Thomas Jefferson Quotes

I have recently been examining all the known superstitions of the world, and do not find in our particular superstition (Christianity) one redeeming feature. They are all alike founded on fables and mythology.

To talk of immaterial existence’s is to talk of nothings. To say that the human soul, angels, God, are immaterial, is to say they are nothings, or that there is no God, no angels, no soul. I cannot reason otherwise.

It is while we are young that the habit of industry is formed. If not then, it never is afterwards. The fortune of our lives, therefore, depends on employing well the short period of youth.

I deem it the duty of every man to devote a certain portion of his income for charitable purposes; and that it is his further duty to see it so applied as to do the most good of which it is capable.

I had laid it down as a law to myself, to take no notice of the thousand calumnies issued against me. But to trust my character to my own conduct, and the good sense and candor of my fellow citizens.

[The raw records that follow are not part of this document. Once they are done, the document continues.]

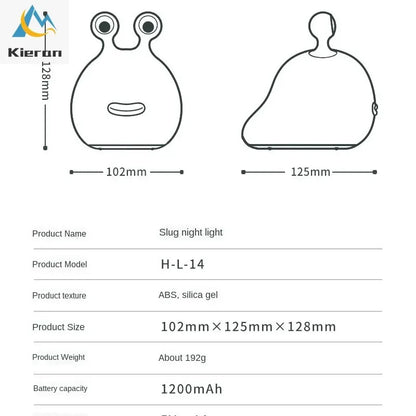 Cute Cartoon Slug LED Night Light – Soft Silicone Bedside Lamp with Eye-Caring Warm Light for Kids, Baby Nursery & Bedroom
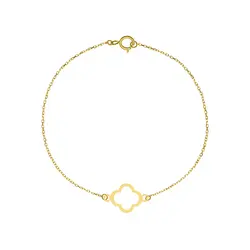 دستبند طلا طرح شبدر کد GB055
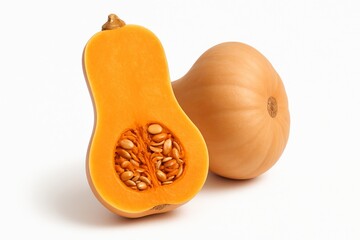 Butternut Squash Cut in Half Revealing Seeds and Vibrant Orange Flesh on Plain Background
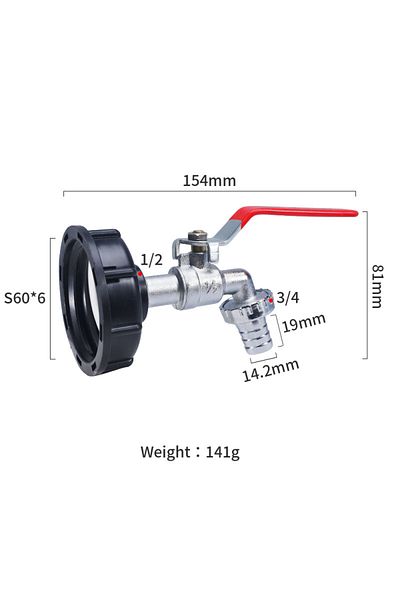 Choice 1 S60x6 Coarse Thread Ibc Tank Tap Connecter X 1/2'' 3/4'' Water Coupling Adapter 1000l Garden Home.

The people are the only censors of their governors, and even their errors will tend to keep these to the true principles of their institution.

No government ought to be without censors; and where the press is free, no one ever will.

I am really mortified to be told that, in the United States of America, a fact like this can become a subject to inquiry, and of criminal inquiry, too, as an offense against religion; that a question about the sale of a book can be carried before the civil magistrate. Is this then our freedom […]

If M. de Becourt’s book be false in its facts, disprove them; if false in its reasoning, refute it. But, for God’s sake, let us freely hear both sides, if we choose.

I thought the work would be very innocent, and one which might be confined to the reason of any man; not likely to be much read if let alone, but, if persecuted, it will be vindication of his rights to buy, and to read what he pleases.